The most recent data from the Substance Abuse and Mental Health Services Administration shows that pot smoking has greatly increased among baby boomers in the past decade and is expected to continue to rise. After polling 68,000 Americans, their report showed that baby boomer pot usage has doubled, and even quadrupled, in some age blocks of individuals above 50 years of age.

The study, according to the Upstart Business Journal, showed the combined medical and recreational marijuana industry is one of the fastest growing in the United States, largely because of the Baby Boomers whose pot consumption is expected to grow faster than any other demographic of pot users.

By the end of 2015, more than 110.9 million Americans over 50 are expected to be using marijuana, and that number could increase by seven percent in the following five years, according to a recent study done by global research firm IBISWorld.

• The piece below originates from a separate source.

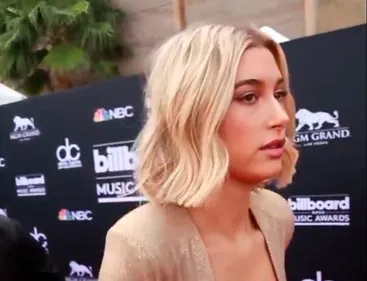 HAILEY BIEBER SERAIT ELLE ENCEINTE ?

It’s no wonder the pot industry is expected to skyrocket by some 30 percent in the coming five years now that baby boomers are lighting up. After all, boomers (born between 1946 and 1964) represent close to one-quarter of the U.S. population.

Apart from relieving aches and pains that come along with aging, boomer pot usage is on the rise for a myriad of reasons: more free time, more disposable income, legalization of medical cannabis and the rise in popularity of edibles. Some seniors say they are more comfortable eating brownies or drinking pot-laced beverages rather than smoking.

Then, there are those baby boomers who are just going back to something they enjoyed in their earlier years.

“I smoked for years before I had my kids then stopped, said Nancy N., 63, a retired teacher from outside Cleveland. “Now they’re gone and I am free to do what I want again… And smoking pot is one of them.”